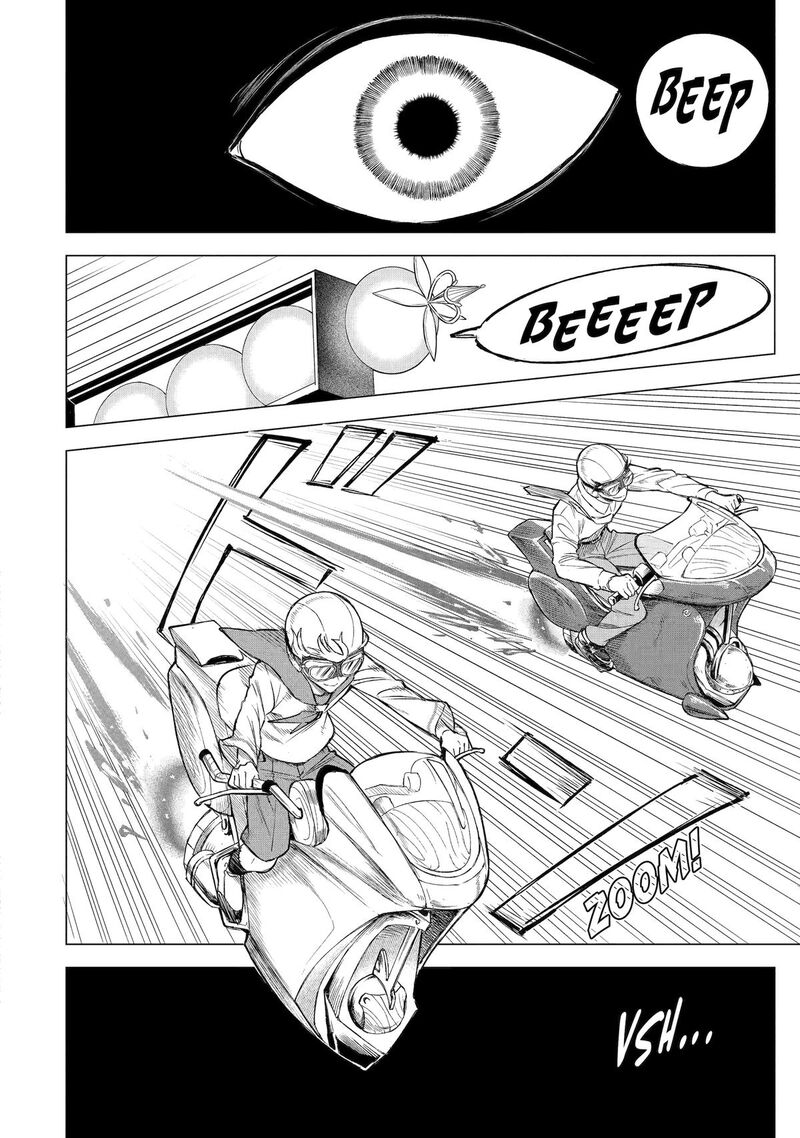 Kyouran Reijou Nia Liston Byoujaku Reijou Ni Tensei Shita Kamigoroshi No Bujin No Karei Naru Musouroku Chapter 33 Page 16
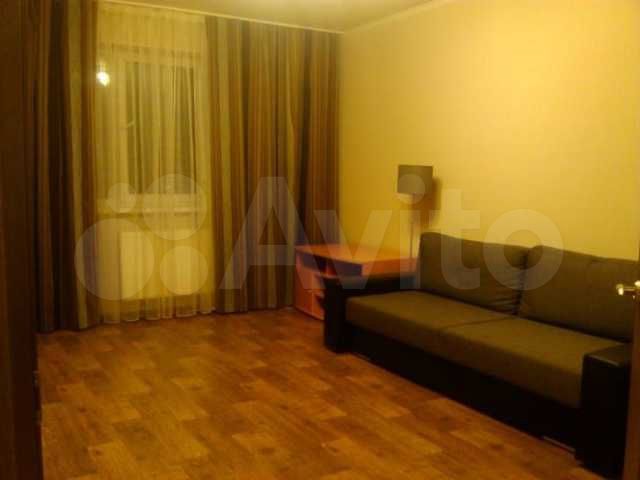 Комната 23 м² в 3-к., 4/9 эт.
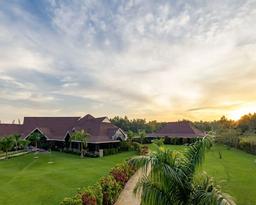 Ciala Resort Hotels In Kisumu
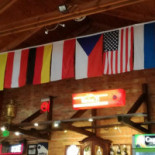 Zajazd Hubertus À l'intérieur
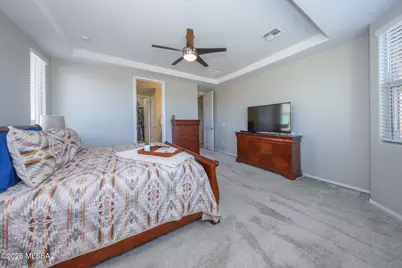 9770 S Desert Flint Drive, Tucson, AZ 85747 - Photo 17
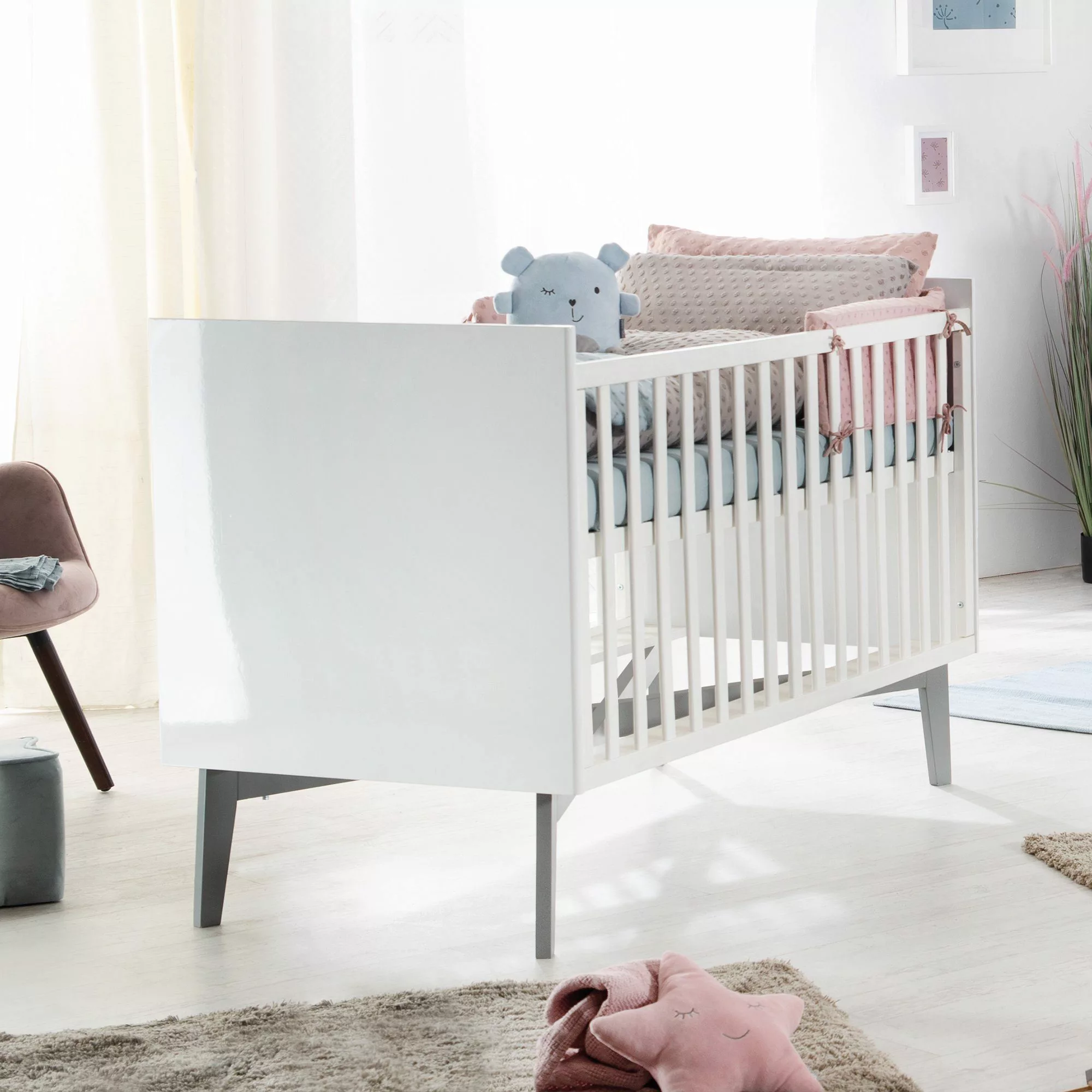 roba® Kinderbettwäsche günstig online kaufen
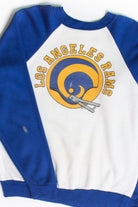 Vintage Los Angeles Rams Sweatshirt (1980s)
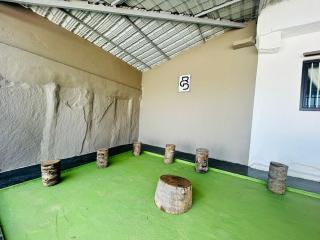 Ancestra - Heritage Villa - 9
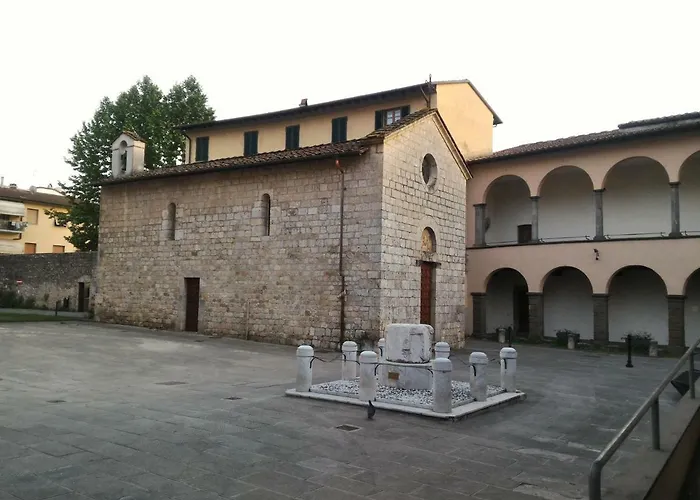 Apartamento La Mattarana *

· · · ·

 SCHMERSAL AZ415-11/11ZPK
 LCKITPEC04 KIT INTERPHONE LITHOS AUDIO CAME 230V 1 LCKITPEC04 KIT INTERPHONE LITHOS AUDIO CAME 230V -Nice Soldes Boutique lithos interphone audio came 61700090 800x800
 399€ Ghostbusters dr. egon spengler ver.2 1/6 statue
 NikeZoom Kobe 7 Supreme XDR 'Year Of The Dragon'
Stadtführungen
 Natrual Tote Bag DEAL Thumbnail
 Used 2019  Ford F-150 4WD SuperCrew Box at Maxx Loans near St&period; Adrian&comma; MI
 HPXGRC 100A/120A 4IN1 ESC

· · · ·

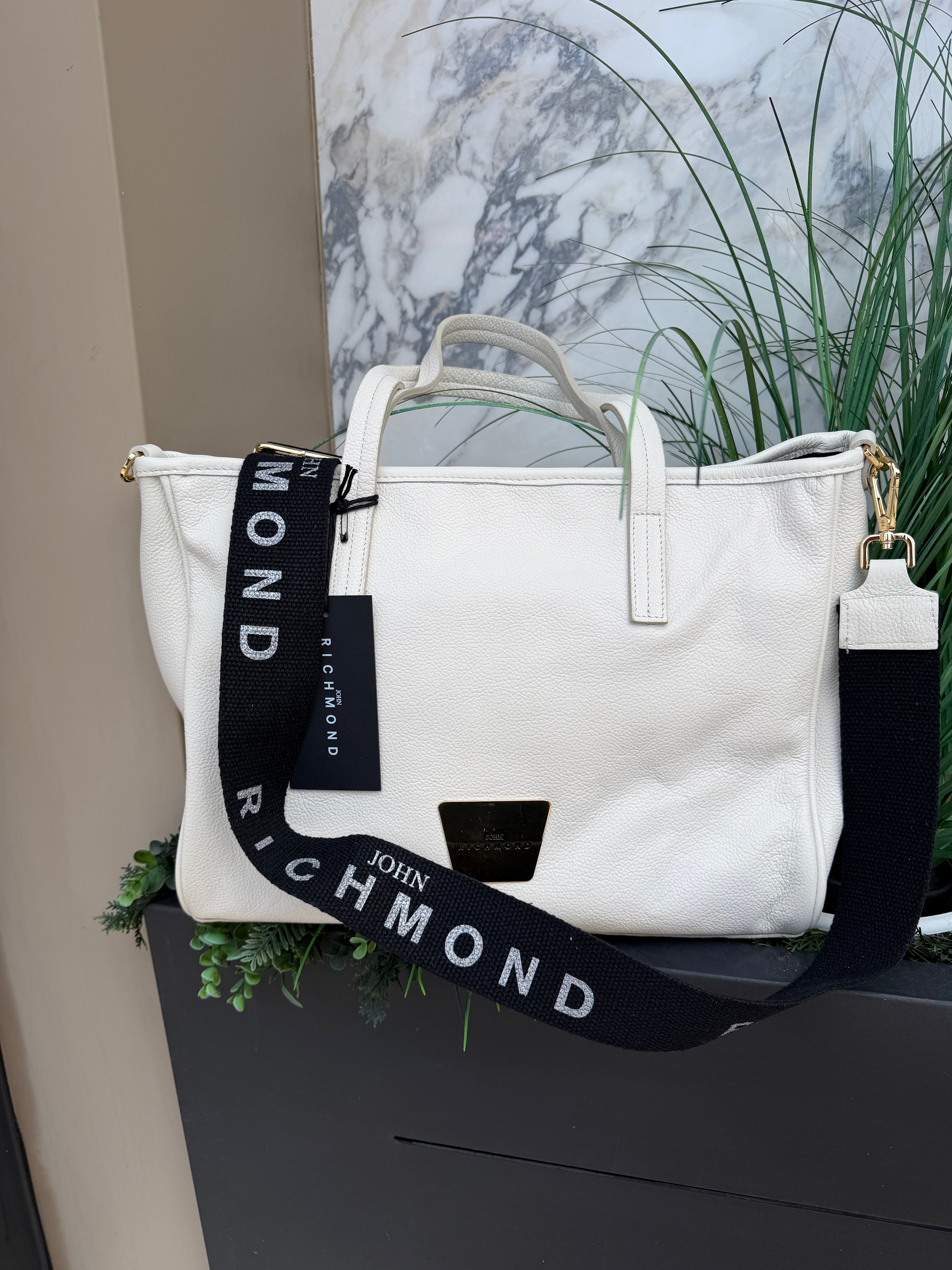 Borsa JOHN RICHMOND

· · · ·

Exercise instructions
Begin at the line in the entries above that has "9770 S Desert", stop after the line that has "Apartamento La Mattarana *", and output exactly those lines without pictures.

Task response
 9770 S Desert Flint Drive, Tucson, AZ 85747 - Photo 17
 roba® Kinderbettwäsche günstig online kaufen
 Vintage Los Angeles Rams Sweatshirt (1980s)
 Ancestra - Heritage Villa - 9
 Apartamento La Mattarana *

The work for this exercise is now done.